I prepared the Gnocchi
alla Romana for a recent dinner party. It is an ideal dish to make when entertaining.
For a start, you can make a small or large quantity. However, the great advantage is that you can prepare the Gnocchi in advance. Just put them into the oven shortly before you’re ready to serve. Be assured, they are always popular, much like my Stuffed Pasta Shells.
Serve alone as a starter, topped with a simple tomato sauce, or served as a side dish to various meat dishes. If you’re keen to replicate the flavours of Italy in your kitchen, please give these tender, cheesy, gnocchi a try.

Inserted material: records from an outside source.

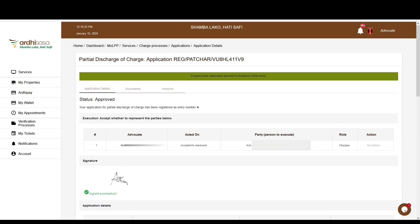That's it for this tutorial on the partial discharge of charge application. Feel free to give feedback in the comment section below. Subscribe to our YouTube channel and click the bell button to get notifications on new videos. Kindly follow us on our social media handles — Ardhisasa underscore KE on X and Instagram, and at Ardhisasa on Facebook. Thanks for watching and goodbye.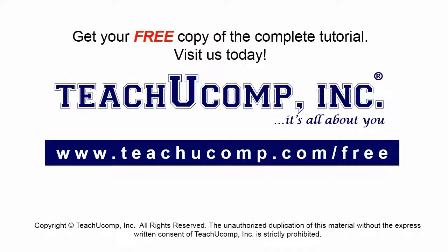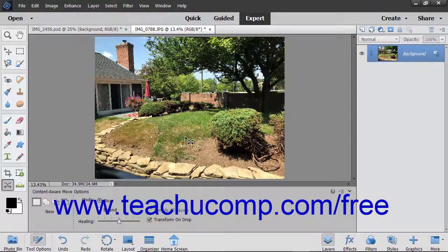Get your free copy of the complete tutorial at www.teachyoucomp.com/free. The Content-Aware Move tool lets you quickly recompose images without layering or having to make slow precise selections.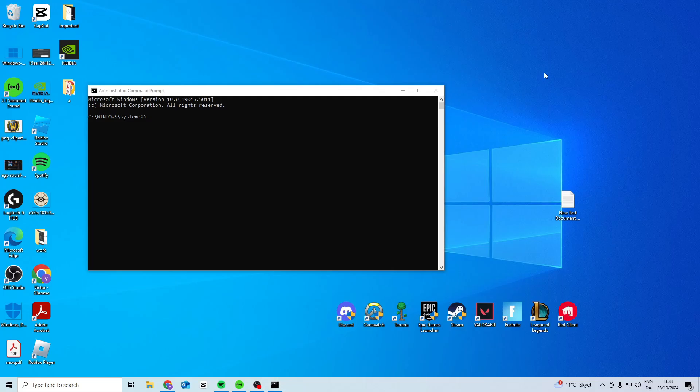In this video I'll show you how you can fix the Minecraft error fail to connect to server invalid session.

Please let me know in the comments below if you do.
Alex and Faye xx
This recipe has been adapted from a recipe in the original Australian Women’s Weekly Italian Cooking Class Cookbook.
P.S. Would you like to read more about how It’s Not Complicated Recipes started?
Have a look at a recent interview we did here.
Gnocchi Alla Romana (Semolina Gnocchi)
- 3 cups milk 750 ml
- 1 1/2 tsp coarse salt
- 1/8 tsp ground nutmeg
- 2/3 cup semolina 110 g
- 1 egg lightly beaten
- 1 1/2 cups grated parmesan cheese*, divided 120 g
- 60 g butter melted
- Oil a 26cm x 32cm sheet pan or Swiss roll pan.*Grease a large casserole dish or two smaller dishes in which to bake the gnocchi*.Preheat your oven to 200 Degrees C (400 F).
- In a medium saucepan, over medium-low heat, bring milk, salt and nutmeg to a boil.Reduce the heat and very gradually add the semolina. Whisk* constantly to avoid the semolina forming lumps*.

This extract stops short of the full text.